Data records:
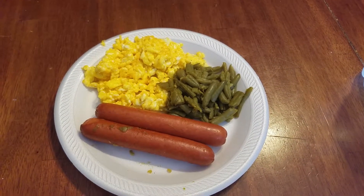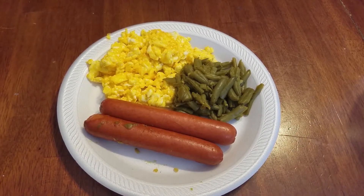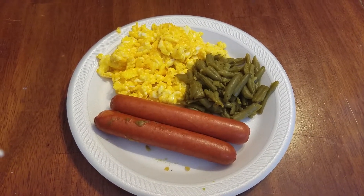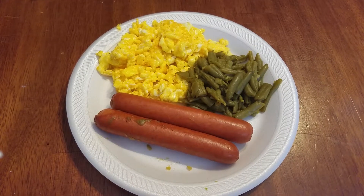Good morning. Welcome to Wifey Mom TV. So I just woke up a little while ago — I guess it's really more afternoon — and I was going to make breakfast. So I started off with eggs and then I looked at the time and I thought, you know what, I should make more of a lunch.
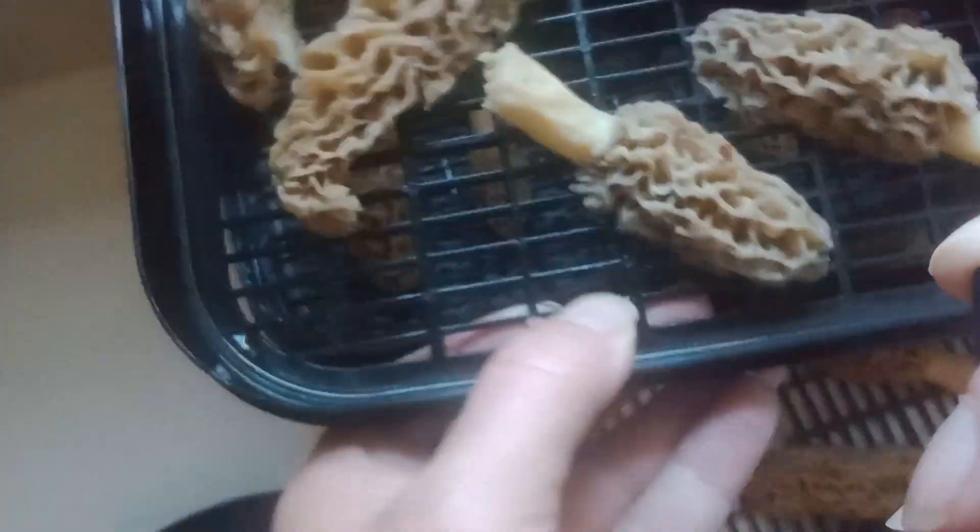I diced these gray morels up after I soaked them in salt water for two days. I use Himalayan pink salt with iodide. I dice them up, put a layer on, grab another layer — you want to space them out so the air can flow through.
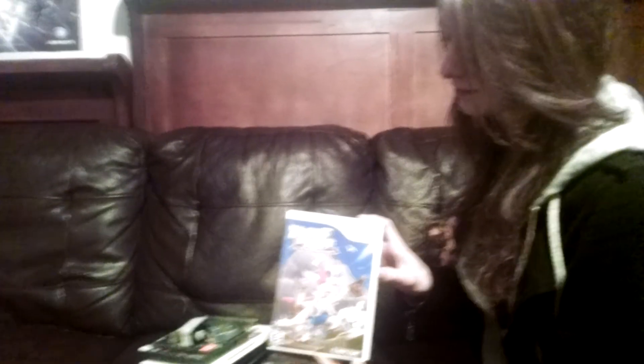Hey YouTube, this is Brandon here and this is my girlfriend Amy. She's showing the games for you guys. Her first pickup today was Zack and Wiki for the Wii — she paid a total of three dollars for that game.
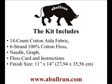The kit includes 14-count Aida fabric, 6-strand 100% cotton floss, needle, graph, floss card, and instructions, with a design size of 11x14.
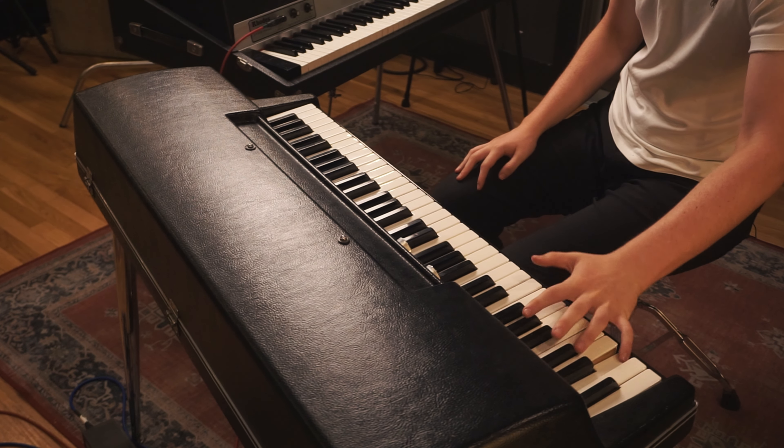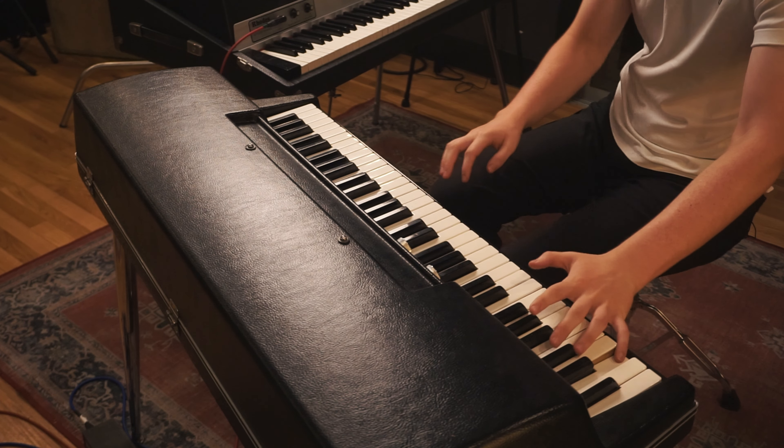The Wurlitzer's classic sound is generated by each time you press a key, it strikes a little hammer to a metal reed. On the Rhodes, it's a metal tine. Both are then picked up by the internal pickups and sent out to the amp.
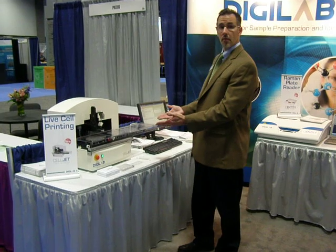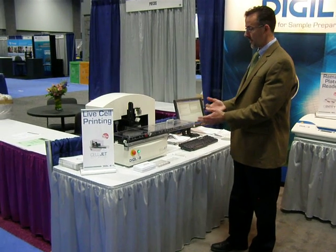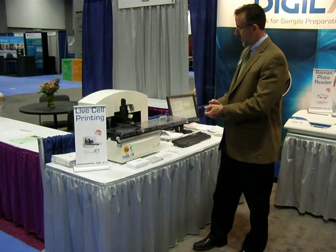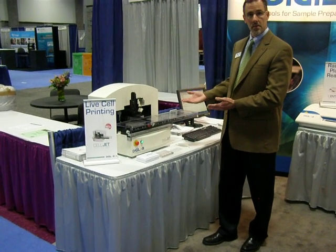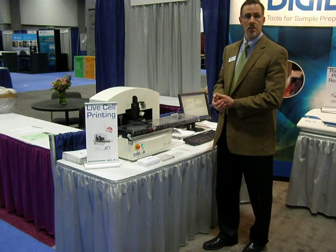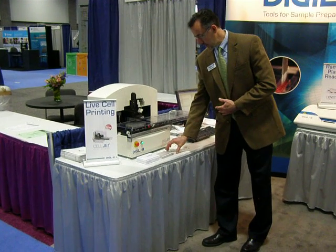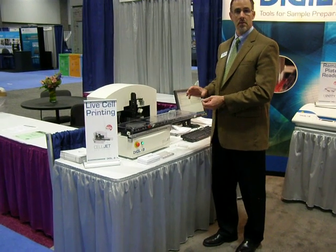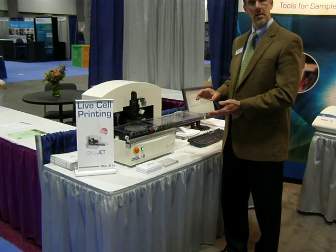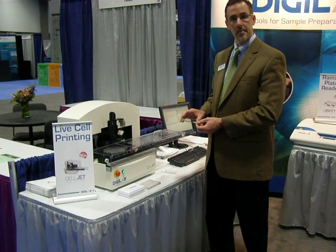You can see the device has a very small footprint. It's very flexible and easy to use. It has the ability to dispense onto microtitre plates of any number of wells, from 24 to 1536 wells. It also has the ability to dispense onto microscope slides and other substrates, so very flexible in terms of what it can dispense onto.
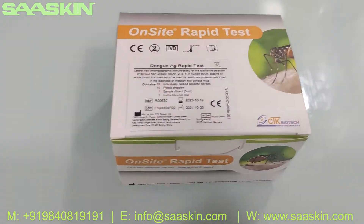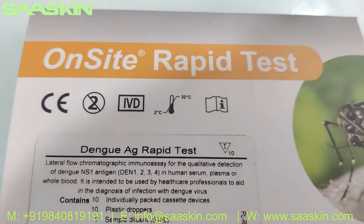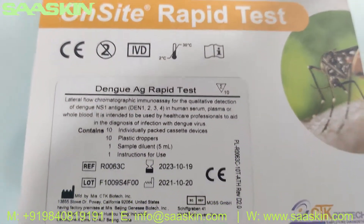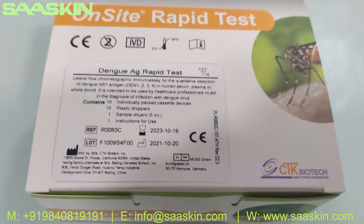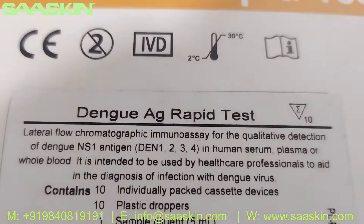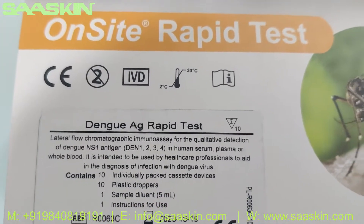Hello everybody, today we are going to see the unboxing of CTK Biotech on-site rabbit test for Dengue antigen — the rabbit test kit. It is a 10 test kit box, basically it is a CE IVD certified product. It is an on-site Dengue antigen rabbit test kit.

### Task goal
Images are to be skipped, and each line above is to be returned exactly.

### Problem solution
Good morning. Welcome to Wifey Mom TV. So I just woke up a little while ago — I guess it's really more afternoon — and I was going to make breakfast. So I started off with eggs and then I looked at the time and I thought, you know what, I should make more of a lunch.
I diced these gray morels up after I soaked them in salt water for two days. I use Himalayan pink salt with iodide. I dice them up, put a layer on, grab another layer — you want to space them out so the air can flow through.
Hey YouTube, this is Brandon here and this is my girlfriend Amy. She's showing the games for you guys. Her first pickup today was Zack and Wiki for the Wii — she paid a total of three dollars for that game.
The kit includes 14-count Aida fabric, 6-strand 100% cotton floss, needle, graph, floss card, and instructions, with a design size of 11x14.
The Wurlitzer's classic sound is generated by each time you press a key, it strikes a little hammer to a metal reed. On the Rhodes, it's a metal tine. Both are then picked up by the internal pickups and sent out to the amp.
You can see the device has a very small footprint. It's very flexible and easy to use. It has the ability to dispense onto microtitre plates of any number of wells, from 24 to 1536 wells. It also has the ability to dispense onto microscope slides and other substrates, so very flexible in terms of what it can dispense onto.
Hello everybody, today we are going to see the unboxing of CTK Biotech on-site rabbit test for Dengue antigen — the rabbit test kit. It is a 10 test kit box, basically it is a CE IVD certified product. It is an on-site Dengue antigen rabbit test kit.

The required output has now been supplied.